● Recorded information:
- - -

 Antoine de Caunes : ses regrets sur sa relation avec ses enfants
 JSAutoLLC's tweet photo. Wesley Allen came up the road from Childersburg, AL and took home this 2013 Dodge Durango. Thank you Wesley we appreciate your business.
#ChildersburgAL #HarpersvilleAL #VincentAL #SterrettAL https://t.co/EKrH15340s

- - -

● What this task involves: Reproduce the material while keeping each line exactly as it was written.

● Response:
 Antoine de Caunes : ses regrets sur sa relation avec ses enfants
 JSAutoLLC's tweet photo. Wesley Allen came up the road from Childersburg, AL and took home this 2013 Dodge Durango. Thank you Wesley we appreciate your business.
#ChildersburgAL #HarpersvilleAL #VincentAL #SterrettAL https://t.co/EKrH15340s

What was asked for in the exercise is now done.